China hinted on Friday that monetary practices favoured in Europe and Japan, namely quantitative easing and negative interest rates, no longer work, ahead of a summit of leaders of the world’s biggest 20 economies to seek new ideas to revive global growth.
Without naming the European Central Bank or Bank of Japan directly, finance vice-minister Zhu Guangyao told a press conference in Hangzhou, eastern Zhejiang province, that central bank purchases of assets and charging lenders for placing funds with the monetary authority were “unsustainable” and that the effects of such policies in bolstering growth had been diminishing.
Speaking of the Federal Reserve, Zhu said it had to improve its communication with financial markets as the divergence of monetary policy among advanced economies was one of three major risks for the global economy, along with Britain’s exit from the European Union and weak emerging recovery.
America’s response to the global financial crisis in 2008 by adopting quantitative easing “saved the Western World from collapsing”, but that particular game of monetary policy was no longer effective, he said.
“As such, it’s necessary to comprehensively use monetary, fiscal and structural reform policies,” said Zhu, a Sherpa in China’s Group of 20 negotiations who helped to nail down detailed wording of a communique that will be endorsed later by the leaders.
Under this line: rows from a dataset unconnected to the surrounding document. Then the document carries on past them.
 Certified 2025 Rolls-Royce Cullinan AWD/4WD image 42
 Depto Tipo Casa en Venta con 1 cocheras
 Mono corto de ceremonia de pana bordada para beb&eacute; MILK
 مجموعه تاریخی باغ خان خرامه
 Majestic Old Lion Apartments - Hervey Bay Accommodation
Zhu said the agreement by major economies to use more than short-term measures is a “milestone” in progress in G20 policy coordination. Another notable step was the consensus that no competitive currency devaluation should be allowed, which was already agreed upon by G20 central bankers and finance ministers.
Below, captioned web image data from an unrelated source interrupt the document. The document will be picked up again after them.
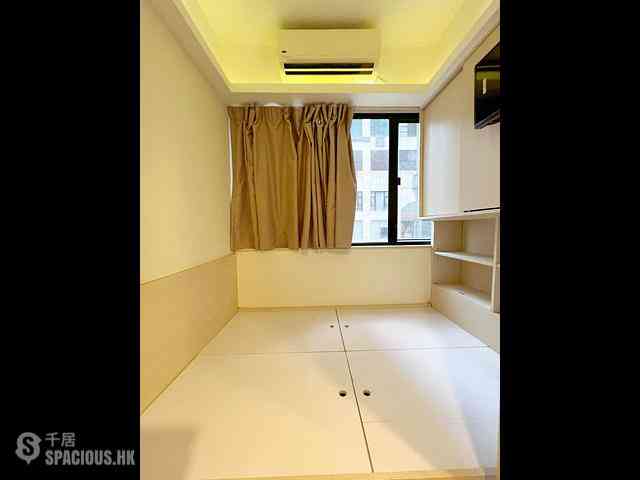 Causeway Bay - Tak Fai Building 05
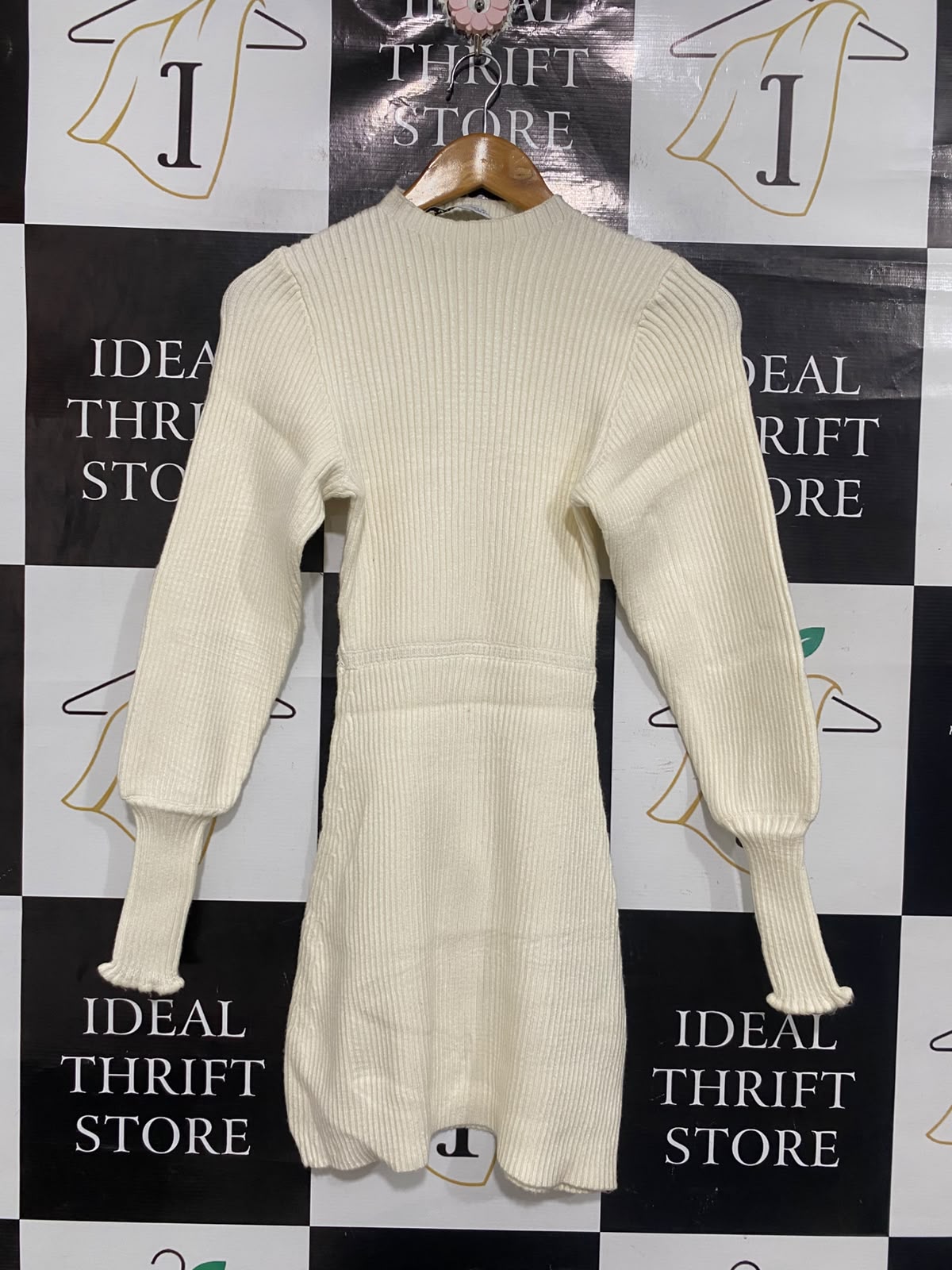 ZARA |S | BUST 11 | A75 | OFF-WHITE RIBBED LONG SLEEVE KNIT MINI DRESS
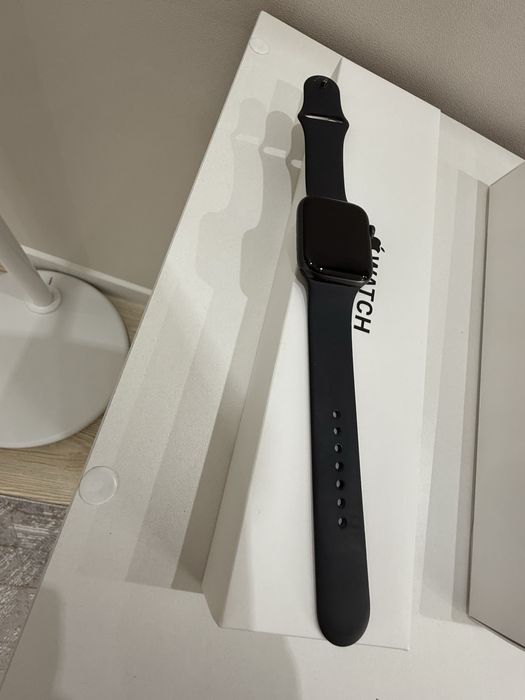 Apple Watch SE Space Gray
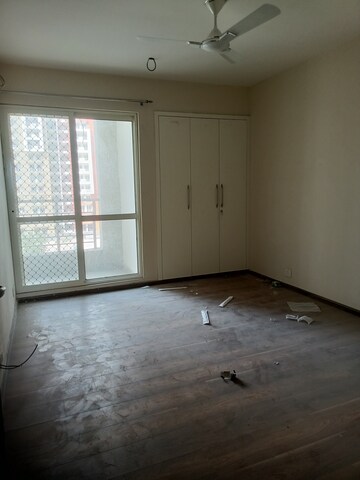 Room in 4 BHK Apartment at Lotus Panache, Sector 110 – for Rent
Although there was no Plaza Accord-style agreement over exchange rates, Zhu said G20 members have agreed upon two communication channels to talk about exchange rates – one by member countries and the other to go through the International Monetary Fund.
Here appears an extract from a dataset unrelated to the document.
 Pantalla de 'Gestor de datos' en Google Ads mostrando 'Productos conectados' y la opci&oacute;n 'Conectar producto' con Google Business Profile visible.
China is trying hard to make the two-day G20 summit an endorsement of the country’s rising power and global leadership, although China domestically is grappling with a persistent economic slowdown, quickly rising debt level and an army of zombie industrial companies.
The European Chamber of Commerce just published a long report urging China to improve its business environment to become fair and open.
But Zhu told a room of hundreds of journalists that China was already an example of the world and that other G20 members were often interested to learn about China’s growth experiences, and specifically, President Xi Jinping’s ideas on governance.
Even for China’s overcapacity problem in sectors such as steel and coal, a thorny issue between China and its major trading partners from Washington to Brussels, Zhu said China was among the first major economies to take reparatory actions and is seriously working to solve the problem.
“We have the most forceful measures” among G20 members in addressing overcapacity, Zhu said.
For instance, China was trying to create special bankruptcy courts across the country to facilitate closure of redundant businesses, he said.